Each world (Narnia, Charn, our own world, and so on) has an associated "realm beyond", where people go when they die. Narnia's version is called Aslan's country, the version associated to our own world is called Heaven, and so on. For each world, this appears very much like a better and more wonderful version of the land of the living. They call Aslan's country "the real Narnia", and similarly they see a "real England":
"I see," she said. "This is still Narnia, and, more real and more beautiful than the Narnia down below, just as it was more real and more beautiful than the Narnia outside the Stable door! I see ... world within world, Narnia within Narnia...."
[...] And far out to sea she could discover the islands, island after island to the end of the world, and, beyond the end, the huge mountain which they had called Aslan's country. But now she saw that it was part of a great chain of mountains which ringed round the whole world. In front of her it seemed to come quite close. Then she looked to her left and saw what she took to be a great bank of brightly-coloured cloud, cut off from them by a gap. But she looked harder and saw that it was not a cloud at all but a real land. [...]
"Why!" exclaimed Peter. "It's England. And that's the house itself—Professor Kirk's old home in the country where all our adventures began!"
"I thought that house had been destroyed," said Edmund.
"So it was," said the Faun. "But you are now looking at the England within England, the real England just as this is the real Narnia. And in that inner England no good thing is destroyed."
-- The Last Battle
These realms can be thought of as above the lands of the living - or within, if you prefer - but either way, they are not accessible in any way other than by dying.
The versions of heaven associated with different worlds are separate from each other, yet more closely interconnected than the worlds below.

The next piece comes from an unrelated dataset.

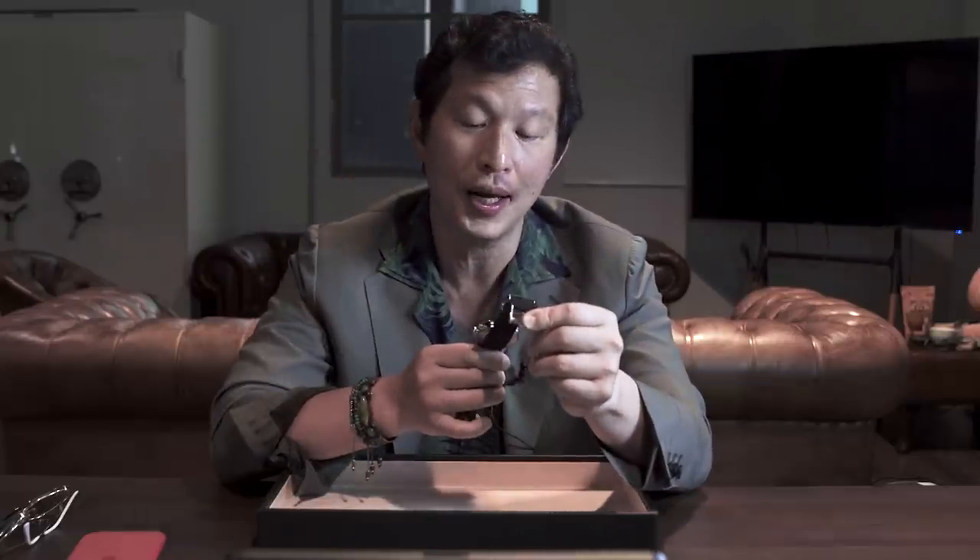Incidentally, if you ever want to buy any Tudor watch, I would always suggest that if it comes on a bracelet, buy it on the bracelet — it's only about a $200 premium and the bracelets are so well made. I've been wearing this watch for the last week or so since it was launched.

Travelling between them is easy:
Suddenly they shifted their eyes to another spot, and then Peter and Edmund and Lucy gasped with amazement and shouted out and began waving: for there they saw their own father and mother, waving back at them across the great, deep valley. It was like when you see people waving at you from the deck of a big ship when you are waiting on the quay to meet them.

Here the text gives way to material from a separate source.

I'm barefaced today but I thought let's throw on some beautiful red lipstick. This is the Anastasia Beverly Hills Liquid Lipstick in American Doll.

"How can we get at them?" said Lucy.
"That is easy," said Mr. Tumnus. "That country and this country—all the real countries—are only spurs jutting out from the great mountains of Aslan. We have only to walk along the ridge, upward and inward, till it joins on. And listen! There is King Frank's horn: we must all go up."
-- The Last Battle
By comparison, as we know, travel between the worlds themselves rather than their "higher realms" is
not easy, and
can only be done by Magic
-- (quote appearing numerous times in the series)
One way of getting between our own world, Narnia, Charn, and so on is via the Wood between the Worlds, which acts as an inter-world meeting place - a transport hub, if you will. But of course it's not the only way: throughout the series we see the main characters go back and forth between worlds in several different ways, usually at Aslan's bidding. What makes the Wood between the Worlds special is that people can move between worlds of their own accord (provided they have rings), and choose which worlds to go to, rather than having to wait to be "summoned" by Aslan/Jesus/etc.
This map of CS Lewis's multiverse might make the situation a little clearer:
![multiverse](https://cdn.statically.io/img/i.sstatic.net/zFqX0m.jpg)
Transport between the lower realms is possible using the green and yellow rings (or, at least between Narnia and our world, simply by the will of Aslan - wardrobes, paintings, horns, doorways, and so on). The upper realms are all connected via "the great mountains of Aslan". Transport from the lower realms to the upper can only be achieved by dying.